Türkiye’nin genel müdürünün özgeçmişini okuyanınız var mı aranızda? Hepi topu 4-5 sayfa. Yani rahatlıkla okuyabilirsiniz. Bir özgeçmişe göre uzun ve ancak 4-5 sayfa nedir ki? Bence okuyun.
Hoşunuza gidecektir. “Yahu adam çalmış çırpmış ve hiç gizlememiş bile. Helâl olsun be!” dersiniz belki.
“Reisçiyiz abi biz.”
‘Reisinin anasının adı ne?’
“Terbiyeni bozma.”
‘Bilmiyosun di mi adını? Reisçiyim diye dolanıyosun ama reisinin anasının babasının adını bile bilmiyosun di mi? Kepazesiniz lan siz.’
Bundan 24 yıl evvel ki İstanbul Büyükşehir Belediye Başkanı’nın seçime dahi girmeden, antin kuntin yollarla Siirt’ten milletvekili olarak ne şekilde TBMM’ye girdiğini hatırlayanlar ve öğrenenler gayrimeşru bir siyasi örgüt yapısı tarafınca tutsak edildiğimizi hemen anlar. Kendileri gayrimeşru oldukları için teröristlerle falan oturup kalkmayı dert edinmiyorlar. Amaç cumhuriyeti yıpratmak. Amaç cumhuriyetin temel kurumlarını yıpratmak. Amaç Meclis’i etkisizleştirmek.
Bahçelerde maydanoz… Kop bu gündem işgalcisi kürsü bağımlılarından. Bakalım bizim hurcumuzda neler var:
Türk bir kara toplumu olarak ele alınır. Ve ancak lütfen Türkçemiz’e dikkat buyurunuz: Yürü, Yüzmek, Yük… yü yü yü… Yürümek ve Yüzmek fiillerinin yü ile başlaması yüzmeyi yürümek kadar içselleştirdiğimizi gösterebilir. “Bu vesileyle 2030 yılı hedefi olarak Deniz Tankı askeri aracının tasarım ve üretimini tamamlayıp ordu envanterimize katma çalışmalarımıza bugünden başlıyoruz.” ..? Değil mi?
Tarkan: “Bırakın o kızı!”
Tarkan kötüleri dövdükten sonra kız: “Ya naapıyosun sen yaa! Konuşuyoduk bissadeceğ… Barbar mısın ya! Vahşi falan yani!”
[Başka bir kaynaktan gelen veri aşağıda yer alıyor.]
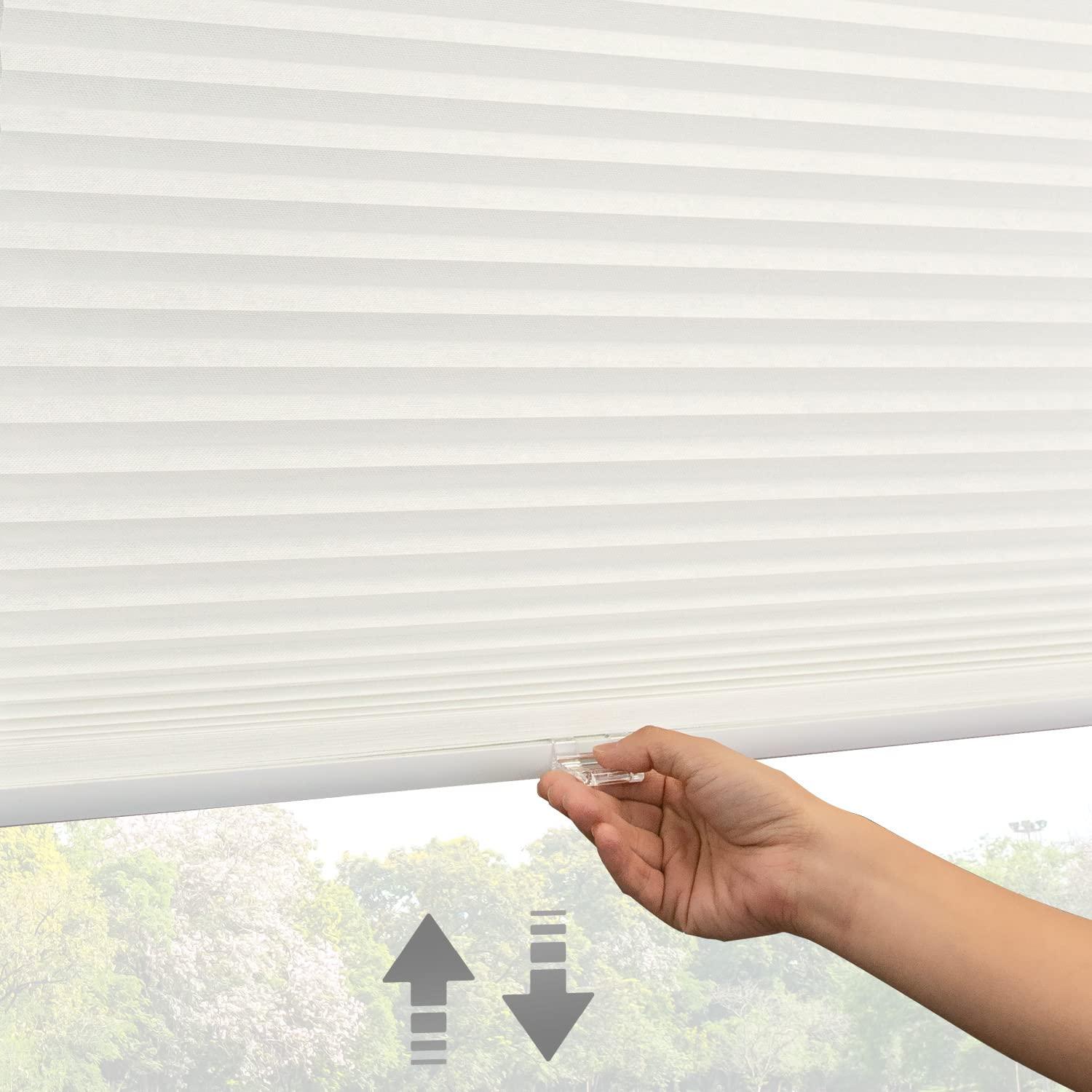 CHICOLOGY CHICOLOGY Cellular Shades, Top Down Bottom Up Shades, Custom Blinds for Windows, Window Shades for Home, Door Blinds, Window Coverings, Cellular Blinds, Pearl (Light Filtering), 33" W x 64" H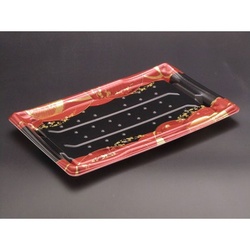 リスパック 寿司容器 誠18B はなまち赤 本体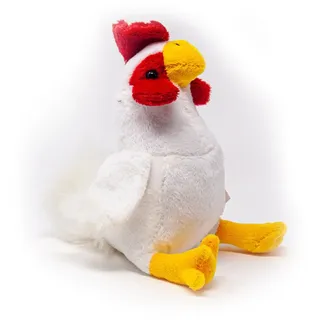 Cornelißen Kuscheltier Cornelissen - Kuscheltier - Huhn - 20 cm bunt|weiß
Şşş? Üniversite diplomanı satabilseydin satar mıydın?
Yükseköğrenim kurumları saygınlığını berbat hale getiren mevcut yürütüm idaresi sebebiyle artık böyle soruları sormaya kadar geldi iş. Acaba Türkiye’nin en önde gelen şahsının diplomasının bile iptal edilmesi ileride diplomaları yok sayılacak milyonlara bir ön haber niteliği midir? İmam-hatip diplomasını uluslararası camia tanımayınca, kabul etmeyince ne olacak? İmam-hatip diplomasını lise diploması olarak kabul etmezse Dünya? Yaptıkları zulüm ve haksızlığın kendi geleceklerini kararttığının farkındalığından uzak bir yönetici anlayışı yetkili konumda Türkiye’de halen.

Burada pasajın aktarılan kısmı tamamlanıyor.